SOURCE RECORDS
▶

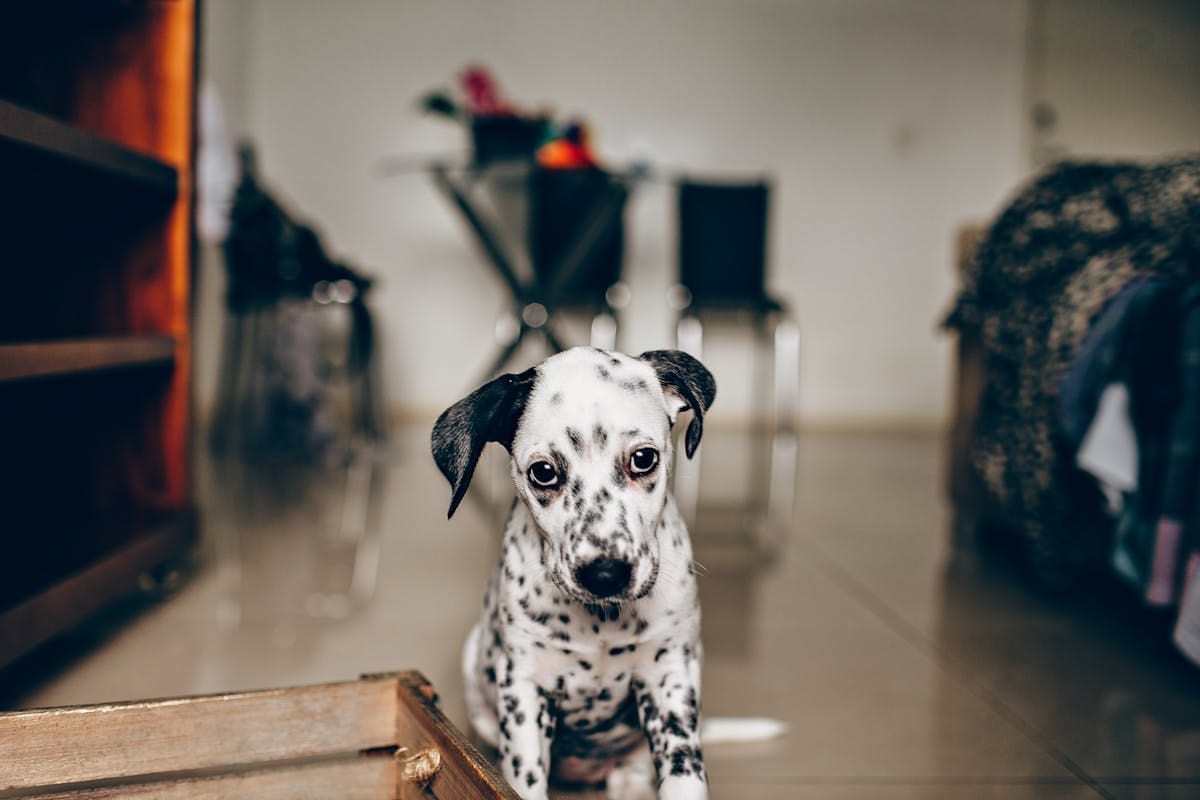 Close-up portrait of a dog looking directly at camera with alert expression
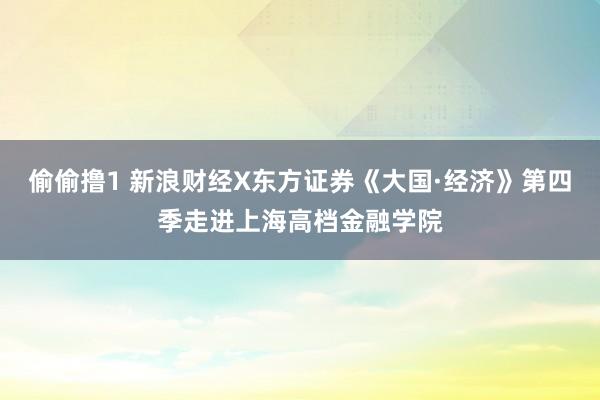 偷偷撸1 新浪财经X东方证券《大国·经济》第四季走进上海高档金融学院
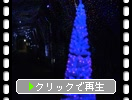 ���ġ������⻳�ֹ�ƻ��Υ���ߥ͡�������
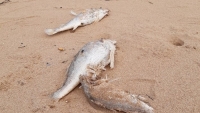 Cá chết bất thường trên bãi biển ở Nghệ An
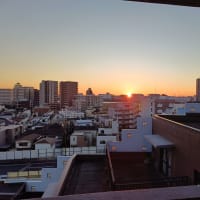 初日の出を見に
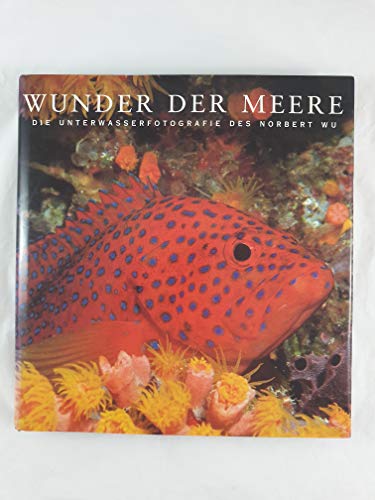Stock image for Wunder der Meere. Die Unterwasserfotografie des Norbert Wu for sale by medimops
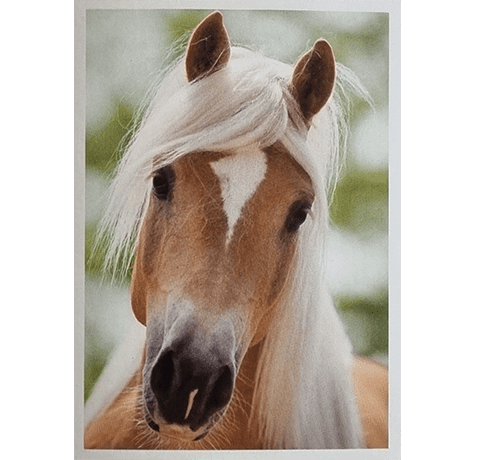 Horse Club Lieblingspferde Sticker - Nr 158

◀

YOUR GOAL
Give back all the records as they stand, but with no pictures in the copy.

COMPLETED EXERCISE
 Close-up portrait of a dog looking directly at camera with alert expression
 偷偷撸1 新浪财经X东方证券《大国·经济》第四季走进上海高档金融学院
 ���ġ������⻳�ֹ�ƻ��Υ���ߥ͡�������
 Cá chết bất thường trên bãi biển ở Nghệ An
 初日の出を見に
Stock image for Wunder der Meere. Die Unterwasserfotografie des Norbert Wu for sale by medimops
 Horse Club Lieblingspferde Sticker - Nr 158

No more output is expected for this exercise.